Following other ANH researchers to find datasets of interest

Follow others’ research to generate questions and ideas

We usually think of starting a research project analysing secondary data with a dataset. However, it can also be useful to start at the other end of the cycle – communicating results. Following blogs related to agriculture, food systems, nutrition, and health is a great way to stay up to date on research and perspectives in the field. Look in the SCANR Research Guidance Communicating results section for a list of relevant blogs. One of my favorites is the IFPRI Blog, which includes blogs focused on research and issues in research and development from researchers and partners at the International Food Policy Research Institute.

The impacts of the COVID-19 pandemic on food systems have been a hot topic for researchers in 2020 and 2021. On the IFPRI Blog, I found a piece by Seneshaw Tamru, Kalle Hirvonen, and Bart Minten entitled “Impacts of the COVID-19 crisis on vegetable value chains in Ethiopia” – part of an IFPRI blog series on the impacts of the COVID-19 pandemic on food and nutrition security, poverty, and development. The authors describe results from a recent survey assessing the effects of the pandemic on vegetable value chains in Ethiopia.

Find the associated papers and datasets

The blog mentions that their findings are based on phone surveys conducted in March and April 2020 with key stakeholders along the vegetable value chain in Ethiopia. However, the authors “intend to substantiate these findings using more representative surveys in the near future.” So, has this research team published papers and datasets related to their research? First, I look for other blogs about COVID-19 and Ethiopia on the IFPRI Blog. This research team has been busy – there are blogs about trends in food consumption, dairy value chains, and food and nutrition insecurity in Ethiopia during COVID-19.

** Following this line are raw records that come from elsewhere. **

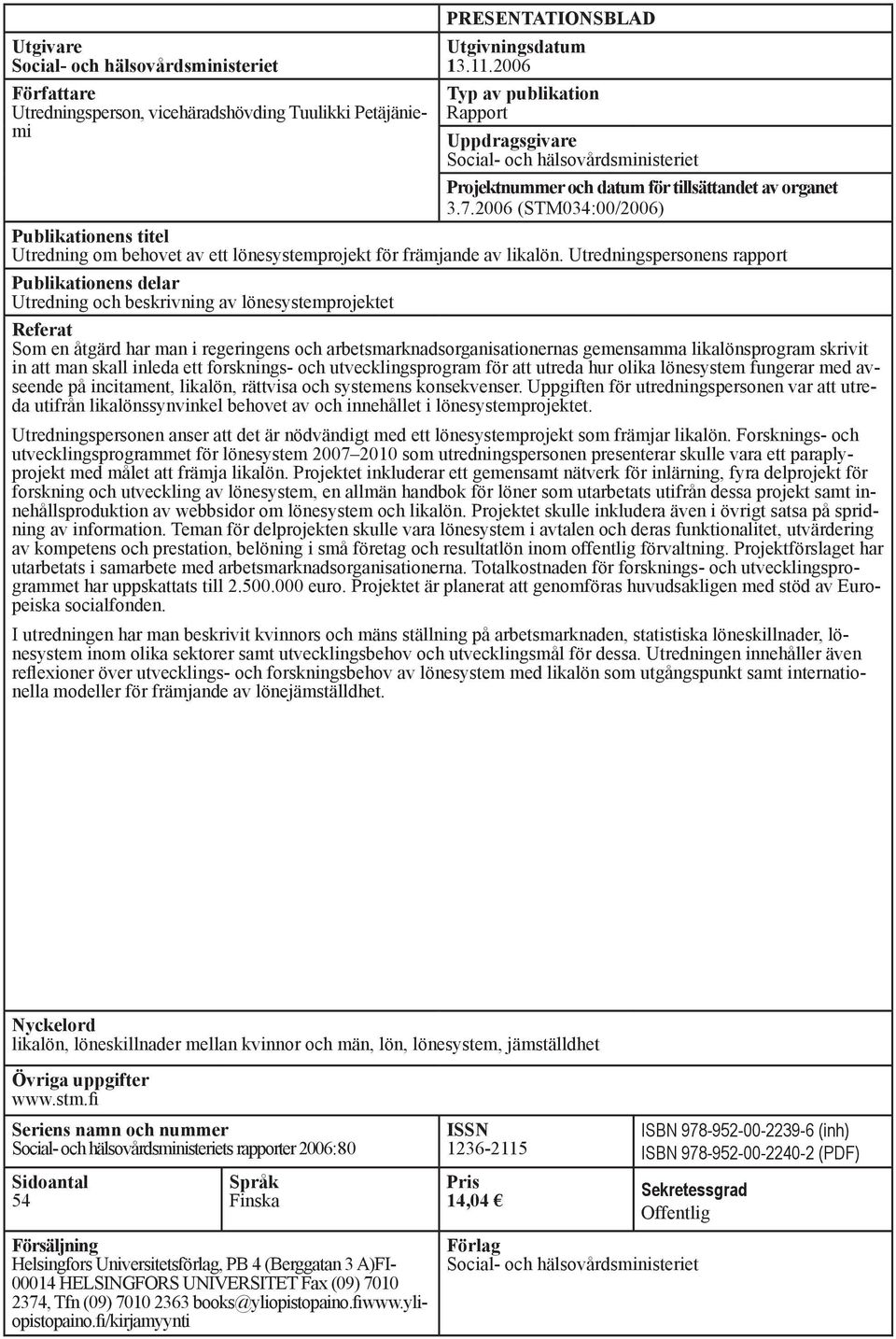 2006 (STM034:00/2006) Publikationens titel Utredning om behovet av ett lönesystemprojekt för främjande av likalön.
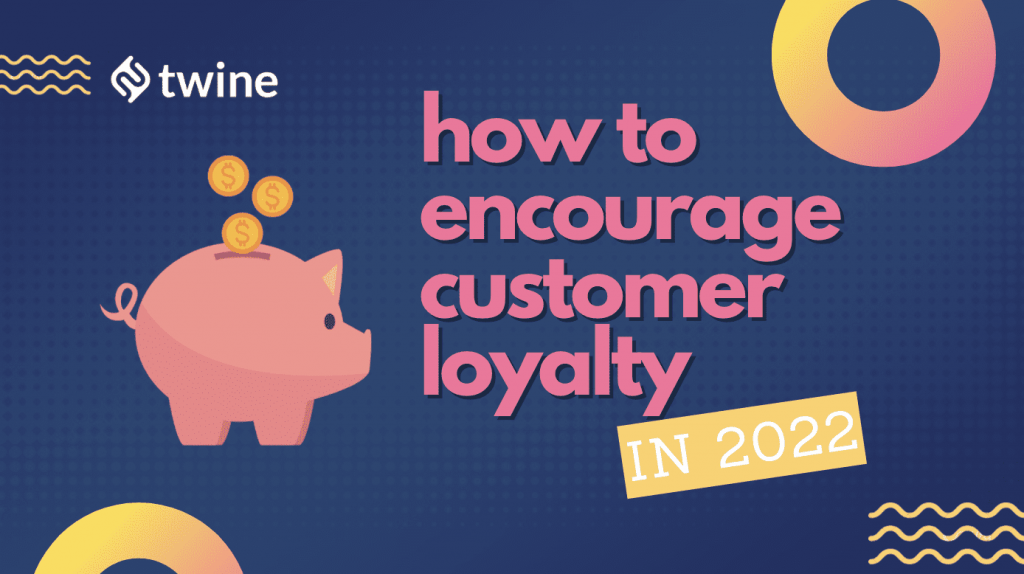 twine thumbnail ways to encourage customer loyalty in 2022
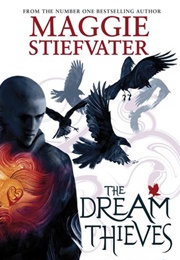 The Dream Thieves (Maggie Stiefvater)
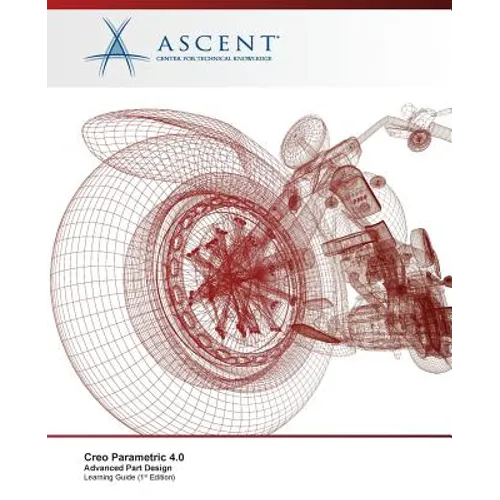 Creo Parametric 4.0: Advanced Part Design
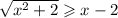 \sqrt{ {x}^{2} + 2 } \geqslant x - 2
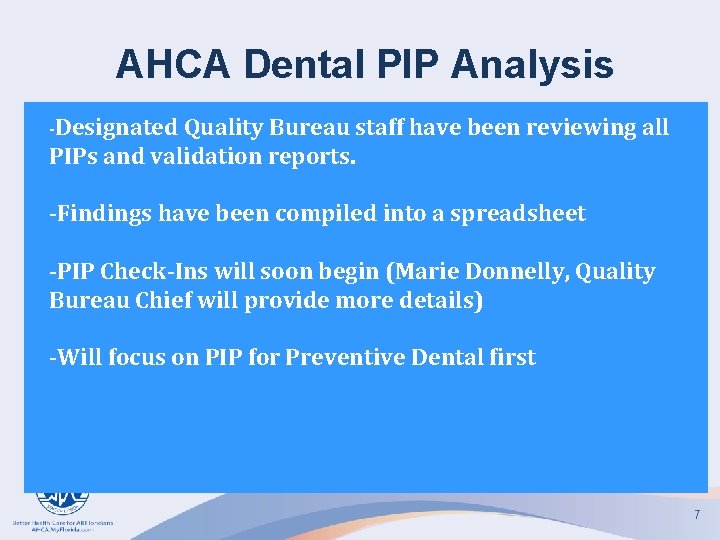 AHCA Dental PIP Analysis -Designated Quality Bureau staff have been reviewing all PIPs and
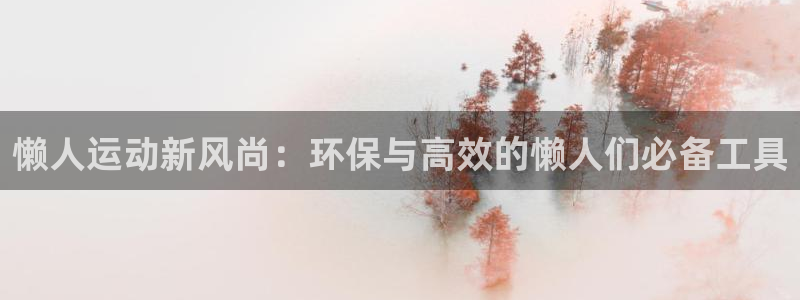 海南凯捷体育：懒人运动新风尚：环保与高效的懒人们必备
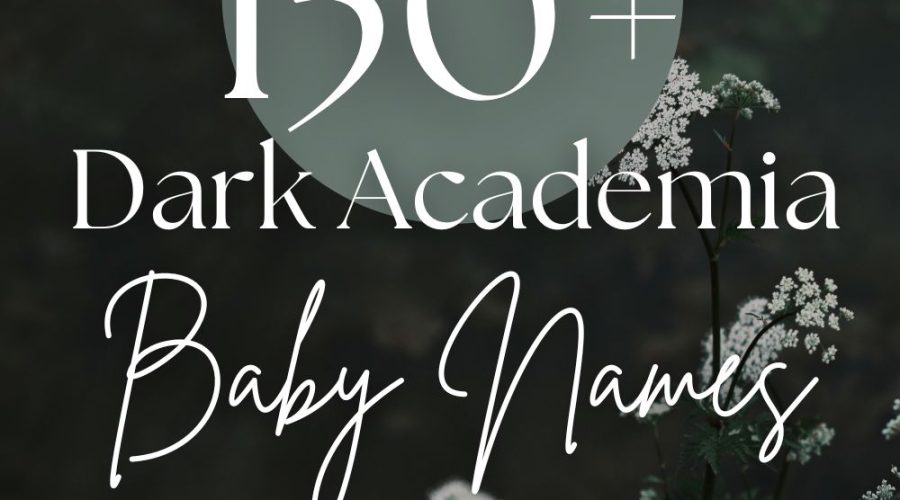 150+ Dark Academia Baby Names (Dark, Elegant, Vintage)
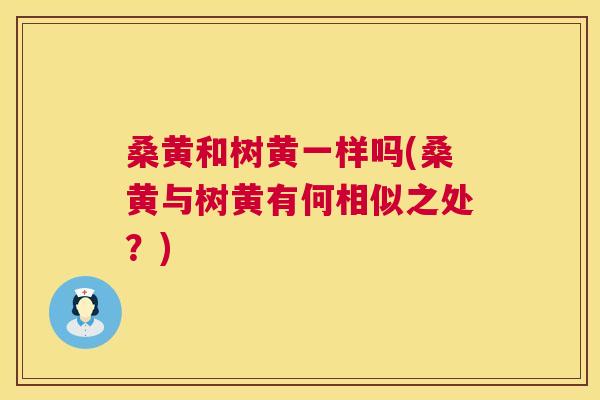 桑黄和树黄一样吗(桑黄与树黄有何相似之处?) 桑黄和树黄一样吗(桑黄与树黄有何相似之处?)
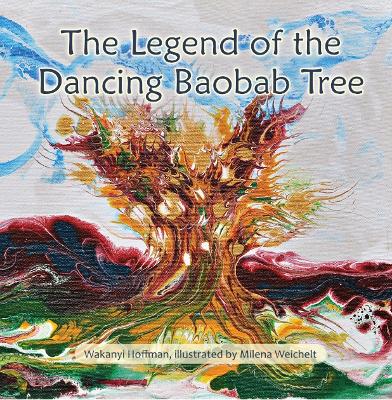 Cover of The Legend of the Dancing Baobab Tree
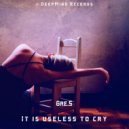 Gre.S - It Is Useless To Cry
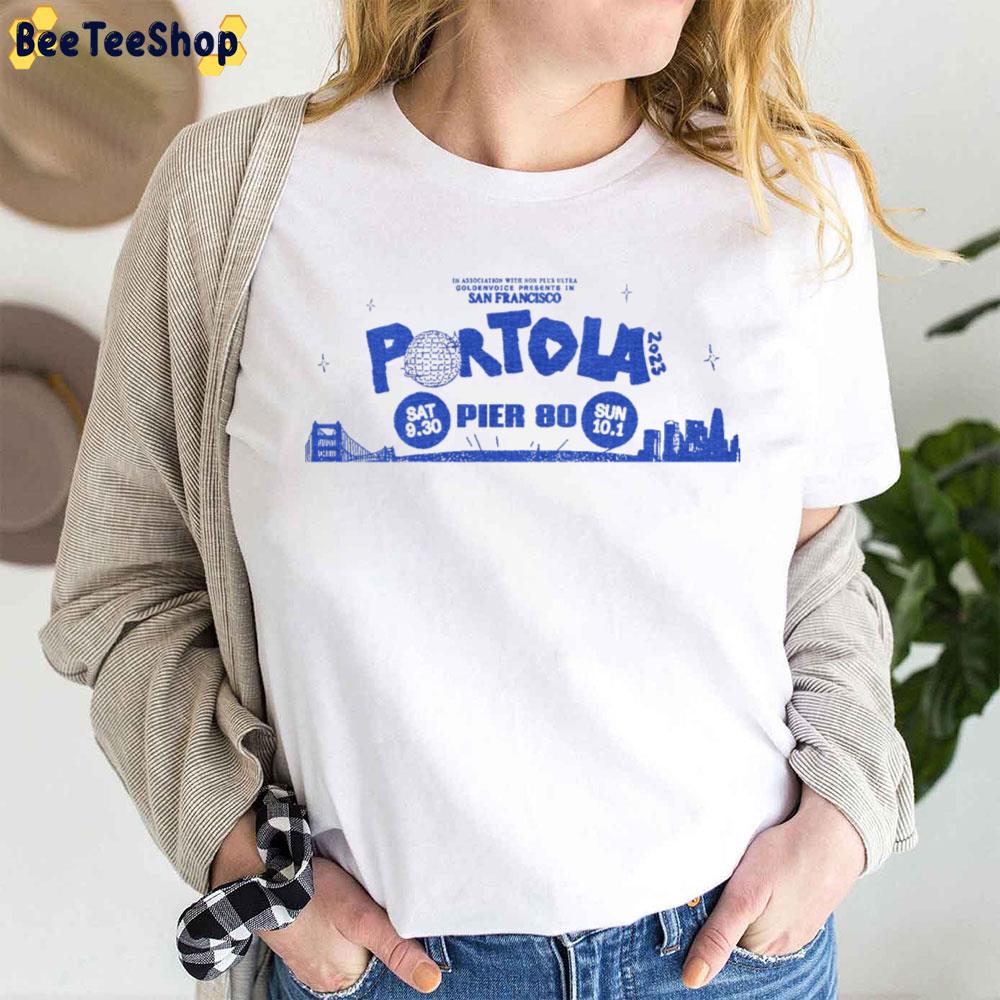 Portola Festival 2023 Dates Trending Unisex T-Shirt Portola Festival 2023 Dates Trending Unisex T-Shirt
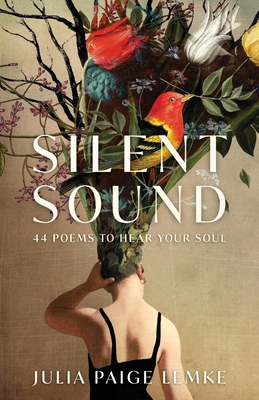 Silent Sound: 44 Poems to Hear Your Soul B0DC5L9MZ3 Book Cover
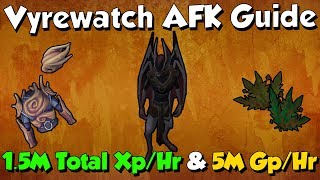 AFK Vyrewatch Guide! 2019! [Runescape 3] 1.5M+ Xp/Hr & 5M+ Gp/Hr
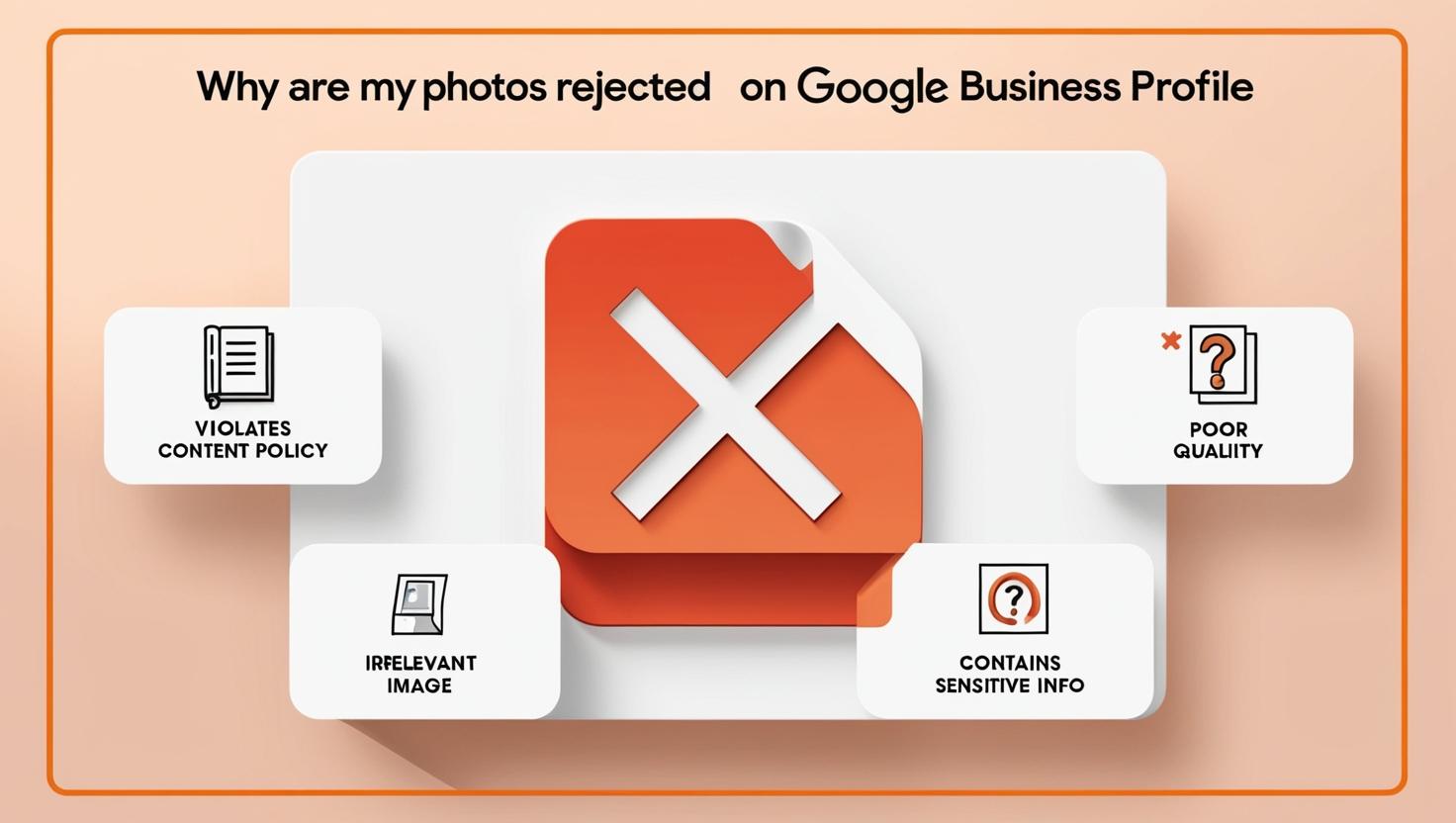 why are my photos rejected on google business profile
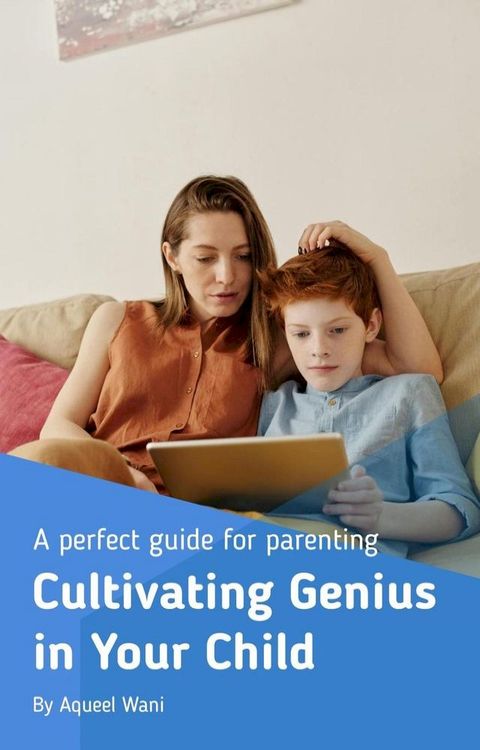 Cultivating Genius in Your Child(Kobo/電子書)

Next, I look for publicly available datasets from this research project. On the SCANR Research Guidance Data repositories section, you will find a list of sources of publicly available data related to agriculture, food systems, nutrition, and health. IFPRI researchers often share their data through the IFPRI Dataverse. A quick scan of recently posted datasets turns up the “Vegetable Value Chain Survey in Ethiopia: Producer/Household Survey.”

SCANR use case 1 metadata — Source: https://doi.org/10.7910/DVN/Q55PL6

A dataset in a publicly available data repository is usually accompanied by metadata, or information that describes the data and helps future users understand how it was collected, who collected it, what it contains, and how it can be referenced. Look in the SCANR Research Guidance Cleaning data section for a discussion of metadata. In this case, the metadata includes a link to a related publication, a working paper entitled “Emerging Medium-Scale Tenant Farming, Gig Economies, and the COVID-19 Disruption.”

Download and explore the data

In the IFPRI Dataverse entry for this dataset, there is citation information for the datatset and other metadata, as well as links to download the microdata files associated with the dataset. The first two files associated with this dataset are the questionnaire and codebook. Download these first so that you can get to know the dataset. By looking through the questionnaire, I see that this is a household survey conducted in January and February 2020. It contains modules about the household roster, land ownership and cultivation, land tenure, crop production, weeding, harvesting, labor, sales, and more. The codebook translates this questionnaire into variables that you will find in the dataset. Use the codebook to find the variable names, labels, and types. Look in the SCANR Research Guidance Cleaning data section for a discussion of codebooks.

SCANR use case 1 microdata — Source: https://doi.org/10.7910/DVN/Q55PL6

Using the codebook and questionnaire, you can find the survey items and variables used to generate findings reported in the discussion paper. For example, Figure 4.2 compares tomato and onion yields for medium-scale and smallholder farmers. This likely comes from Part K, question 17 of the questionnaire: “What are the average yields of these different vegetables by you?” In the codebook, we can see that these survey items correspond to the variables ska1_6a through ska1_6e.

Figure 4.2 — Source: https://doi.org/10.2499/p15738coll2.133909

Download the corresponding microdata files to explore the data further or answer research questions of your own. On the SCANR Research Guidance Using data software page, you will find resources for learning to use common statistical software programs. The data files for this dataset are shared in DTA format, the data file format used by Stata. However, this file format can also be imported into other programs.

Keep following the conversation

This publicly available dataset is the first round of data collection for the associated discussion paper, collected in February 2020. Since we can see that this research team has generated multiple blogs and research papers in since early 2020 related to COVID-19, value chains, and food consumption in Ethiopia, we can expect that they will publish more research and datasets on these topics in the coming months. Keep an eye out for new blogs, papers, and datasets that will help you understand what has been happening in Ethiopia and help spark new research ideas!

This use case was prepared by Elena M. Martinez, PhD Candidate at the Friedman School of Nutrition Science and Policy at Tufts University. January 25, 2021.